Creating a place to call home

Health | April 8, 2015
Two young boys playing

Helping an organization with a 125 year history make a huge difference.

In Atlantic Canada, we saw the opportunity to make an impact with our Community Investment presence at a grassroots level.

Chisholm Services for Children is a community service that dates back to 1890. Their story, like ours, is one of constantly evolving to meet the needs of their community. “The founders of our programs came to Halifax looking to support marginalized women and children in the community,” said Wade Johnston, Executive Director, Chisholm Services for Children

Understanding the importance of community-based services, Chisholm began implementing residential programs, including residences for children in-need. Since then, the organization has served 600 children and adolescents that have been provided with long-term residential care 24 hours a day. “Basically we’ve given them a place to call home,” said Johnston.

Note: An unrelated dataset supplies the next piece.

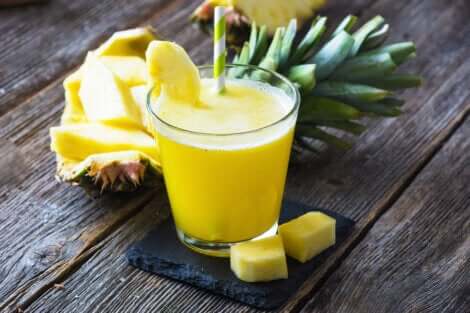 Acqua di ananas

“What we do is we try to take them off that path and try to get them to cut out a new trail in the snow, which we all know isn’t easy.”

Wade Johnston

Executive Director, Chisholm Services for Children

In 2011, Chisholm’s services began to address a new need in its community – finding placements for children 12 years and younger who could not live at home due to conflict issues within the family. More often than not, these are children in need of protection who have fled homes of abuse and neglect. Today, the organization works with eight children in serious need.

Chisholm services for children logo

Eight may not seem like a lot, but imagine one particular girl’s story. She was seven or eight, and her foster family was exhausted by her challenging behavior. As she grew up, she rarely attended school and was described as reclusive, aggressive and anxious. Within 18 months of entering Chisholm’s program, her true colours began to shine. In this short time, she was able to begin working through her issues around safe relationships with adults and peers. By the time she left Chisholm’s care, she was attending school on a full-time basis. When you consider this program is 24 hours a day, you start to see how transformative it can be in a short period of time. And that was just the start of the story.

“That foster family who had basically said she can’t live with us anymore came to Chisholm and, with our clinicians and team, learned about childhood trauma and ways to help support their foster daughter,” said Johnston. “They realized they were managing her behavior in a very different way and needed to approach it from a new perspective. They were able to have her return to their home and have now officially taken her back with the view to adopt her.”

Stories like this are the reason we are happy to have been supporting and working with Chisholm Youth since 2010. Part of the funding we’ve offered has also been used to help the organization’s literacy program called LINKS, which is helping 200 children in the community, aged six to 12, who are reading below grade level or who have been diagnosed with a learning disability.